REQUIREMENT
From the first line to the last, return the data exactly, with no pictures.

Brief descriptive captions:
________________________________________
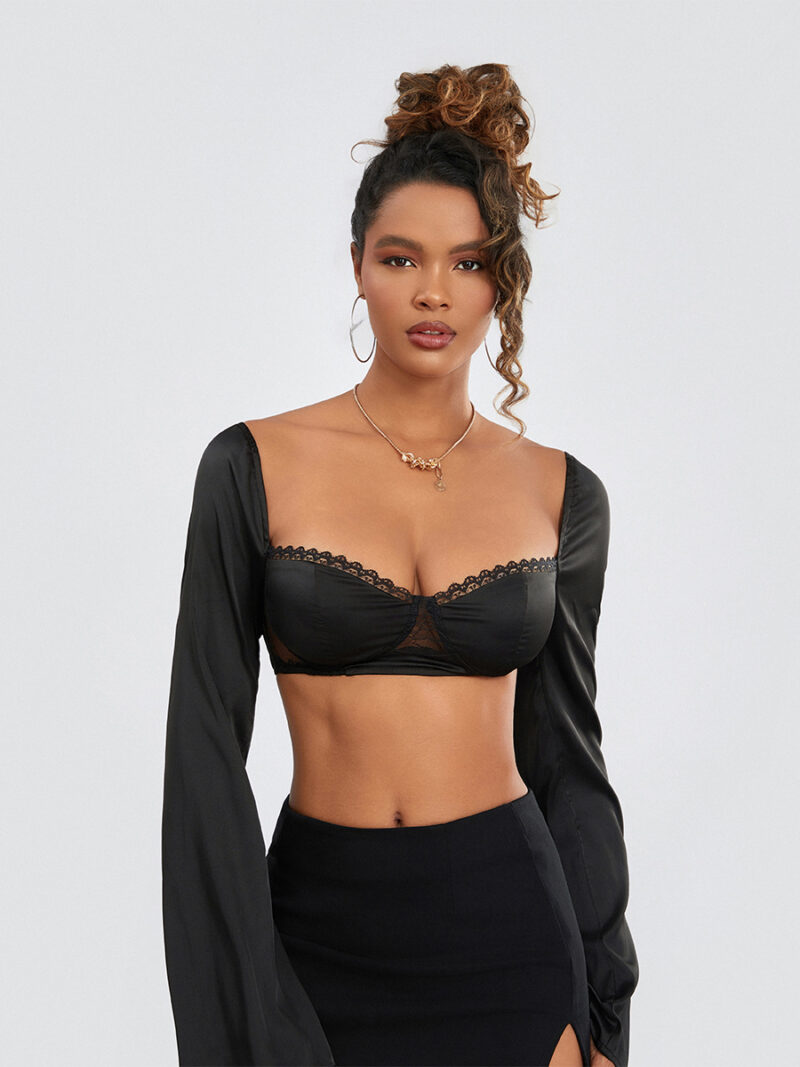 Women’s Long Sleeve Mesh Crop Top with Lace Trim & Tie-Up Back - Image 2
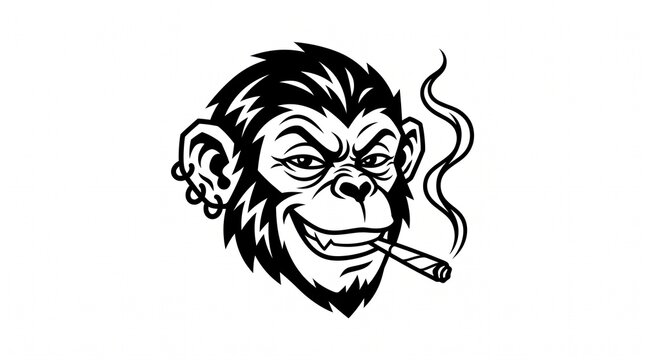 A bold black-and-white line illustration of a monkey&rsquo;s head with a mischievous, confident expression.
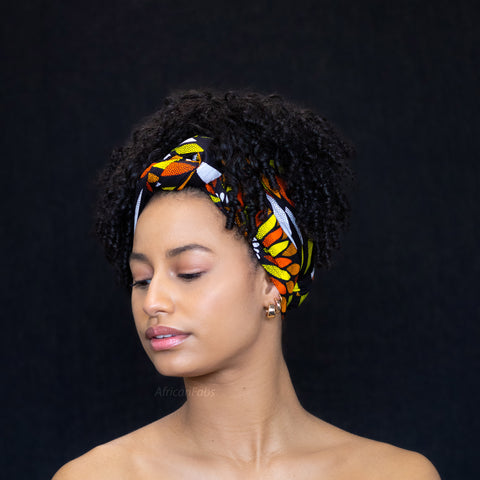 Foulard africain / Turban wax - Noir / jaune sunburst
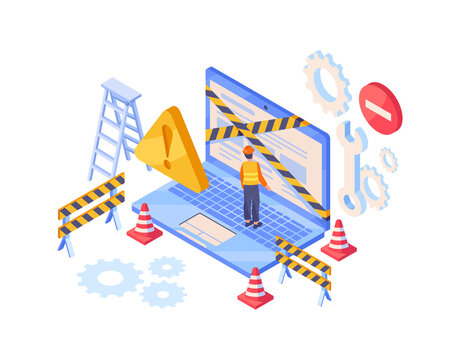 Concept of website maintenance. People in working uniform on laptop. Computer taped with tape. Modern technologies and digital world. Engineering works. Cartoon volumetric vector illustration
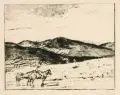 Philipp Franck, Reiter am Kornfeld, Radierung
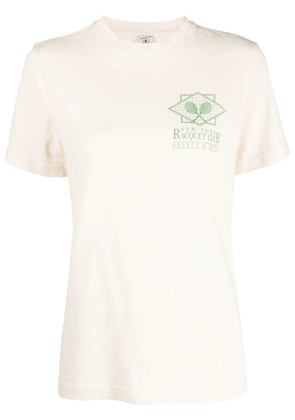 Sporty & Rich graphic-print cotton T-shirt - Neutrals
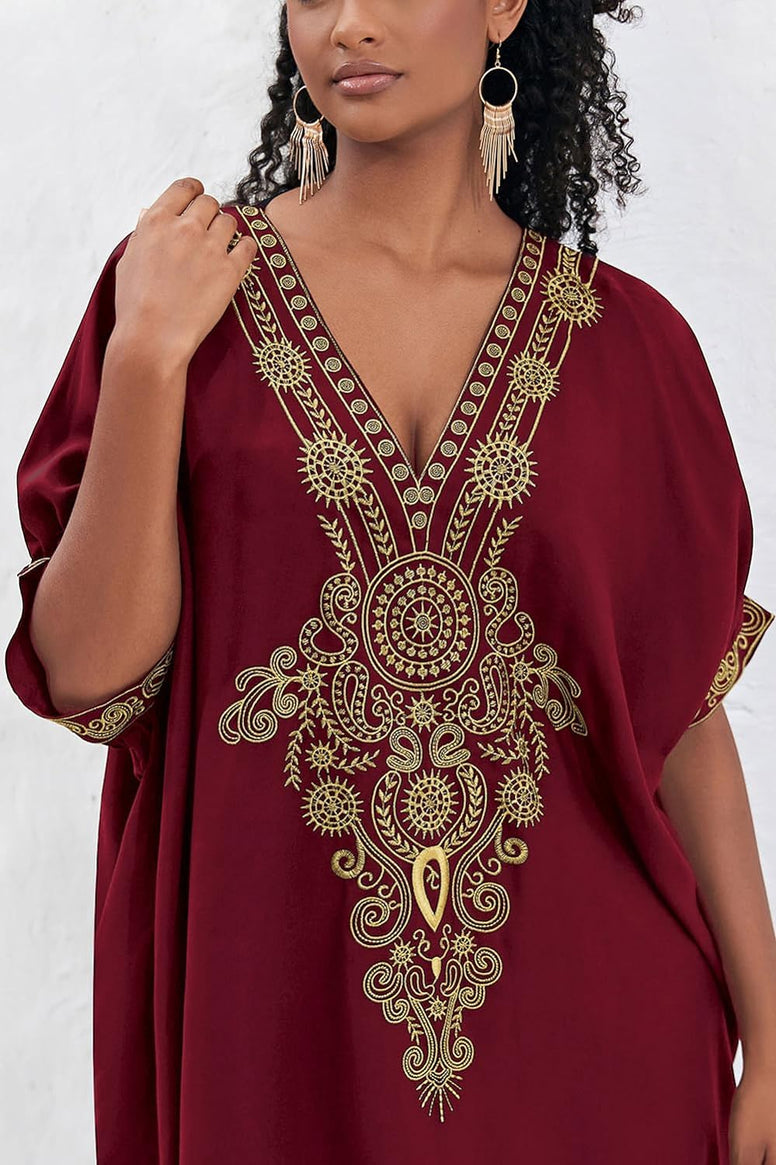 YouKD Embroidered Kaftan Dress Boho Beach Bikini Cover Up Robe Plus Size Loungewear for Women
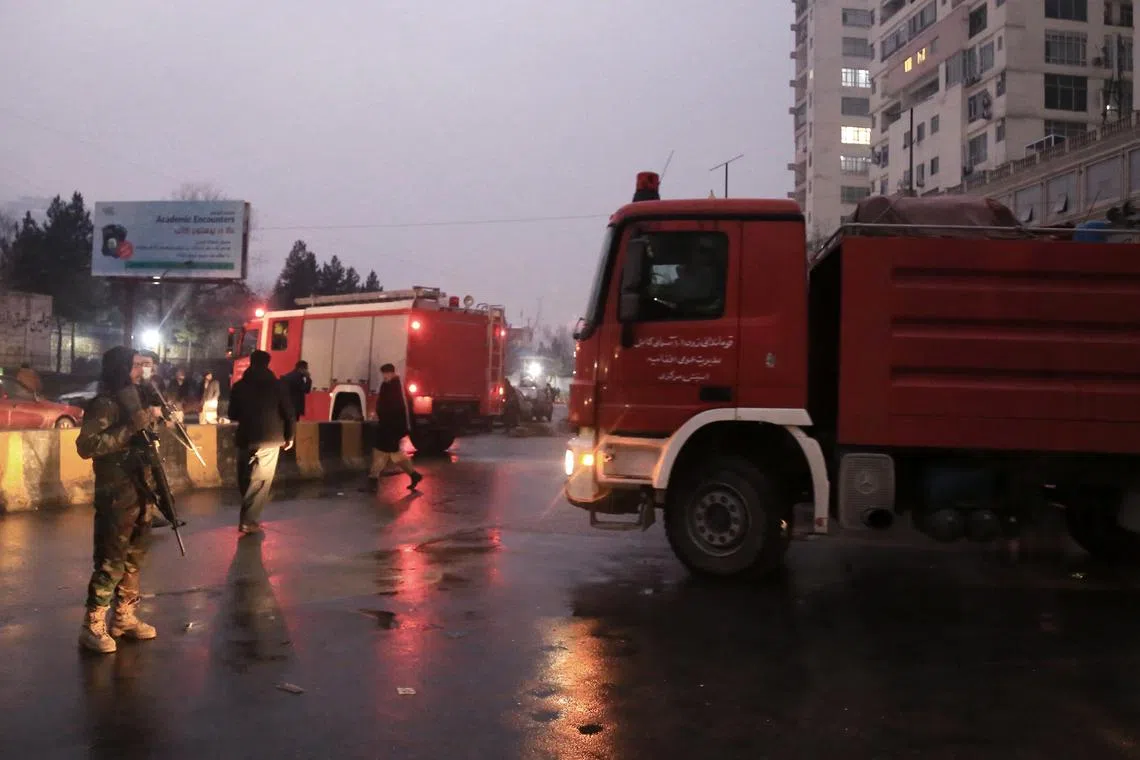 A fire truck at the scene of a bomb blast outside the Afghan Foreign Ministry in Kabul, Afghanistan, on Jan 11, 2023.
________________________________________
COMPLETED TASK
 Women’s Long Sleeve Mesh Crop Top with Lace Trim & Tie-Up Back - Image 2
 A bold black-and-white line illustration of a monkey&rsquo;s head with a mischievous, confident expression.
 Foulard africain / Turban wax - Noir / jaune sunburst
 Concept of website maintenance. People in working uniform on laptop. Computer taped with tape. Modern technologies and digital world. Engineering works. Cartoon volumetric vector illustration
 Philipp Franck, Reiter am Kornfeld, Radierung
 Sporty & Rich graphic-print cotton T-shirt - Neutrals
 YouKD Embroidered Kaftan Dress Boho Beach Bikini Cover Up Robe Plus Size Loungewear for Women
 A fire truck at the scene of a bomb blast outside the Afghan Foreign Ministry in Kabul, Afghanistan, on Jan 11, 2023.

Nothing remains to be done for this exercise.